(Short text fragments from websites)
- - - - -
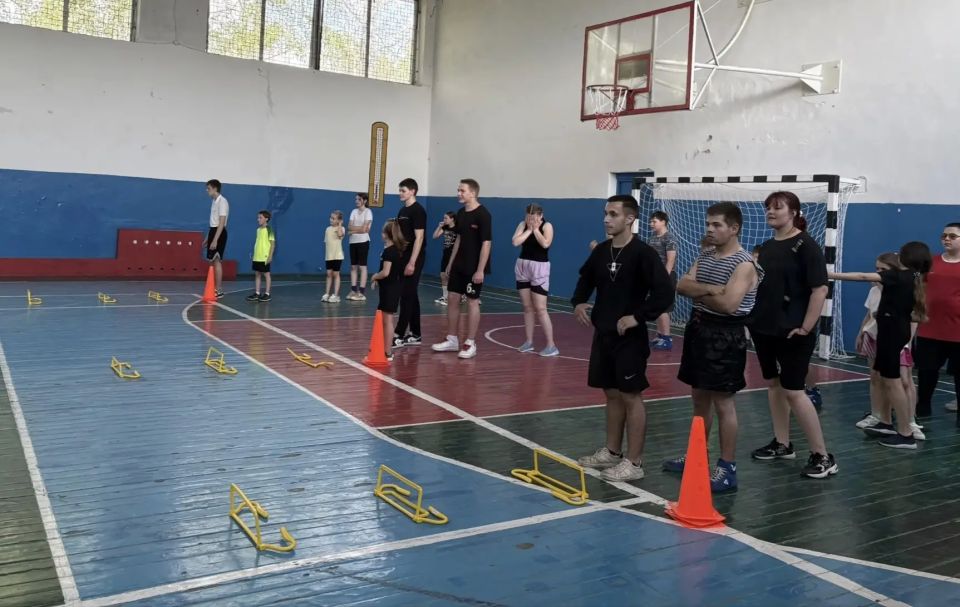 В Каховке ко Дню защиты детей прошел спортивный праздник "Весёлые старты" В Каховке ко Дню защиты детей прошел спортивный праздник "Весёлые старты"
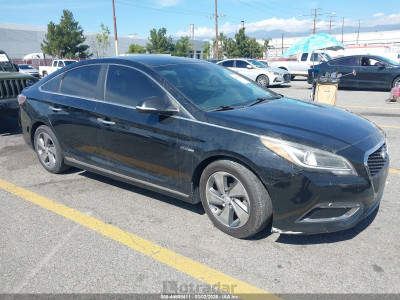 Hyundai Sonata hybrid 2017 KMHE34L3XHA066759
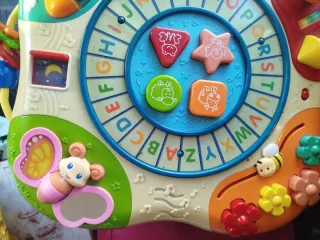 Mesa de juegos musical para bebés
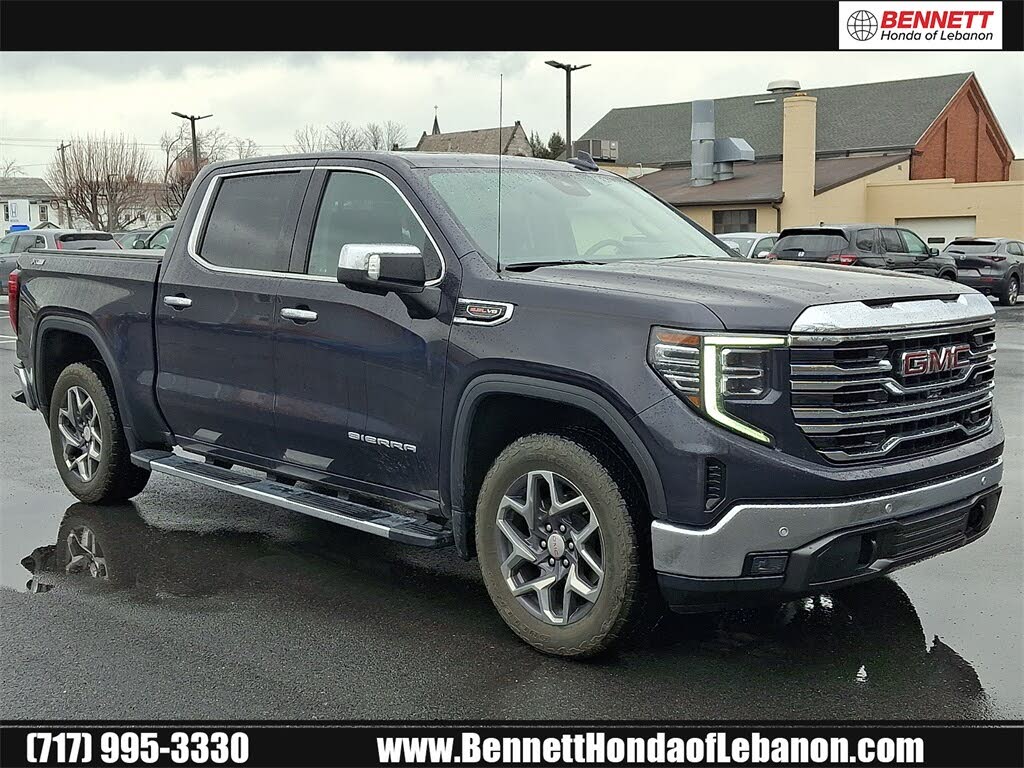 2022 GMC Sierra 1500 SLT Crew Cab 4WD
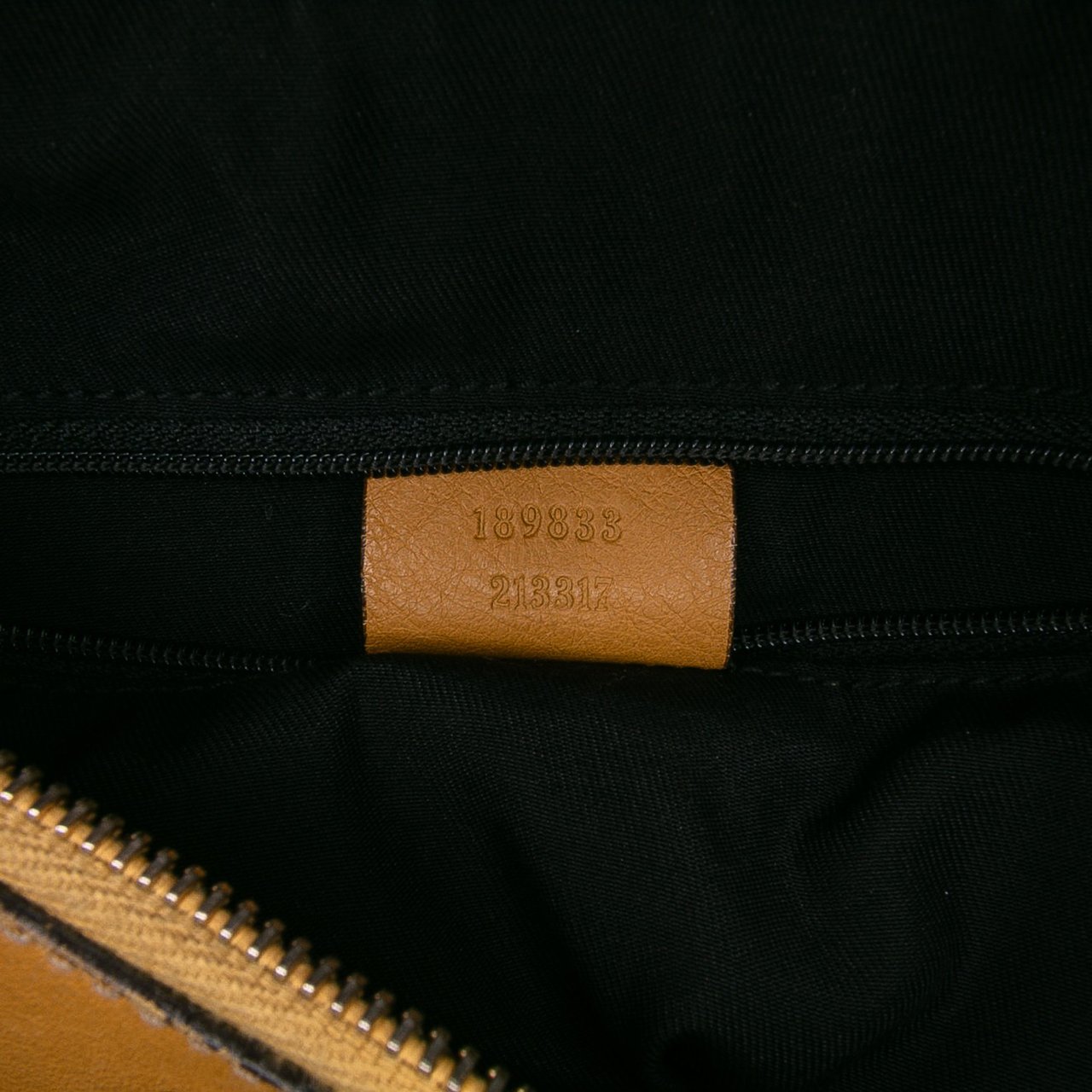 Gucci Leather Abbey D Ring Shoulder Bag Geel
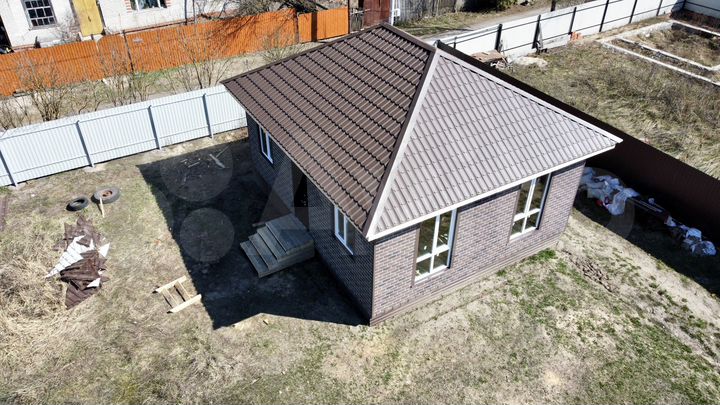 Дом 56 м² на участке 8,7 сот.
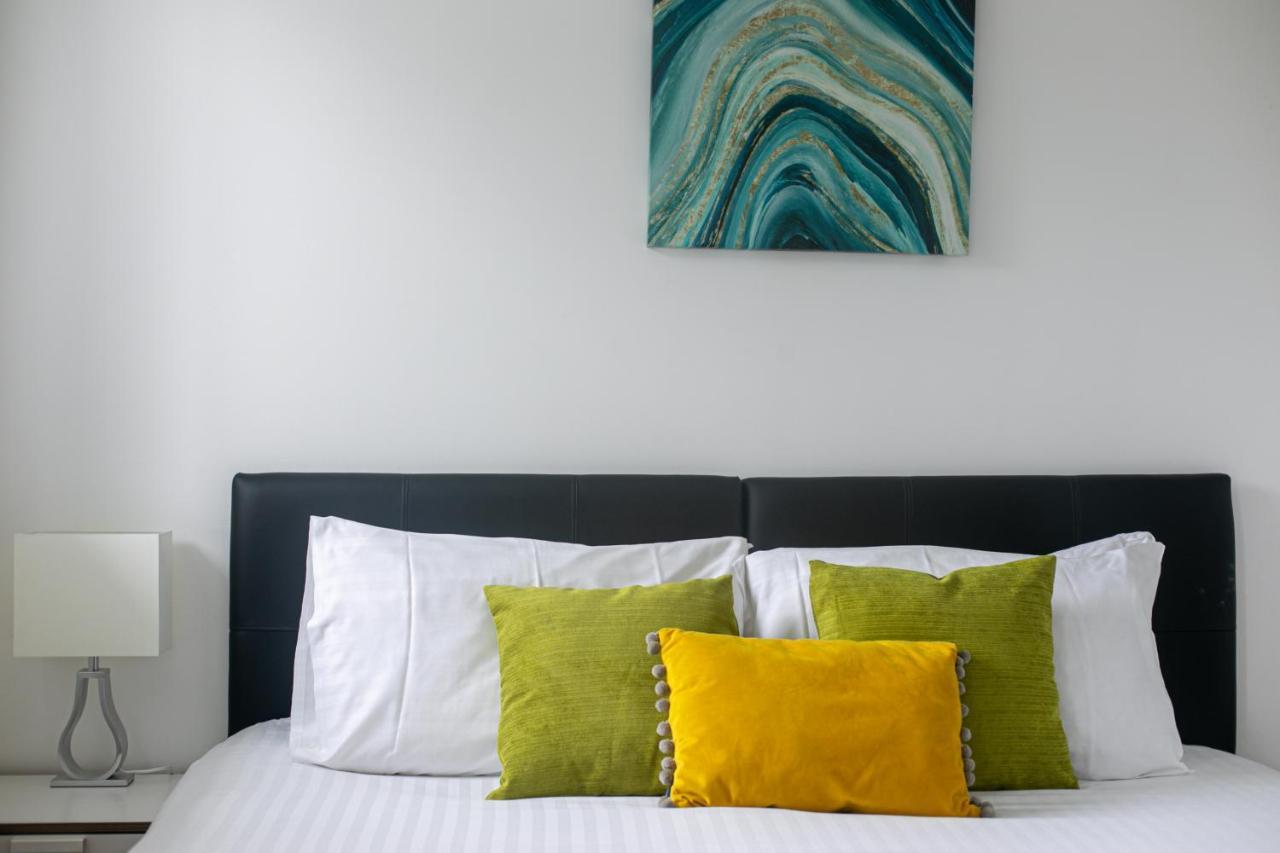 Skyvillion - Cozy Apartments In Enfield Town With Free Parking & Wifi Luaran gambar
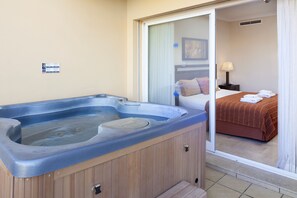 2 slaapkamers, een kluis op de kamer, een strijkplank/strijkijzer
- - - - -
• **What is being asked**:
In your reply, please set down exactly the lines from the one containing "2022 GMC Sierra 1500 SLT Crew Cab 4WD" through the end of the records, with the pictures left out.

• **Solution to this exercise**:
 2022 GMC Sierra 1500 SLT Crew Cab 4WD
 Gucci Leather Abbey D Ring Shoulder Bag Geel
 Дом 56 м² на участке 8,7 сот.
 Skyvillion - Cozy Apartments In Enfield Town With Free Parking & Wifi Luaran gambar
 2 slaapkamers, een kluis op de kamer, een strijkplank/strijkijzer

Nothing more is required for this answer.